* Exercise
Reprint all of the data below exactly as shown and skip every image.

* Data
>>>
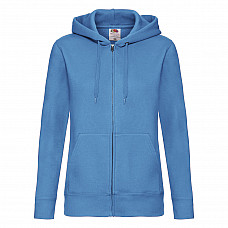 Azure Blue Ladies' Premium Hooded Sweat Jacket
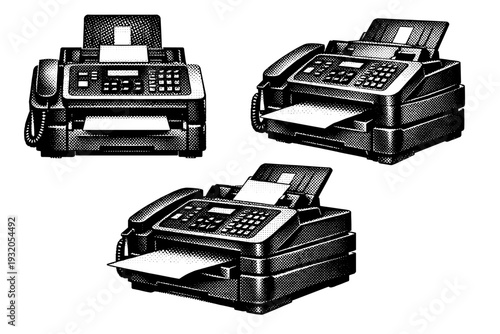 Fax machine ? multifunction fax printer. A realistic multifunction fax machine depicted as a single object in three views showing document feeder, output tray,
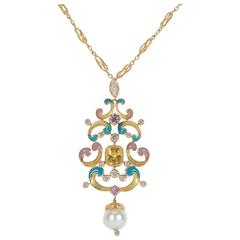 Tiffany & Co. Archival Gemstone Gold Pendant Necklace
<<<
* Solved problem
 Azure Blue Ladies' Premium Hooded Sweat Jacket
 Fax machine ? multifunction fax printer. A realistic multifunction fax machine depicted as a single object in three views showing document feeder, output tray,
 Tiffany & Co. Archival Gemstone Gold Pendant Necklace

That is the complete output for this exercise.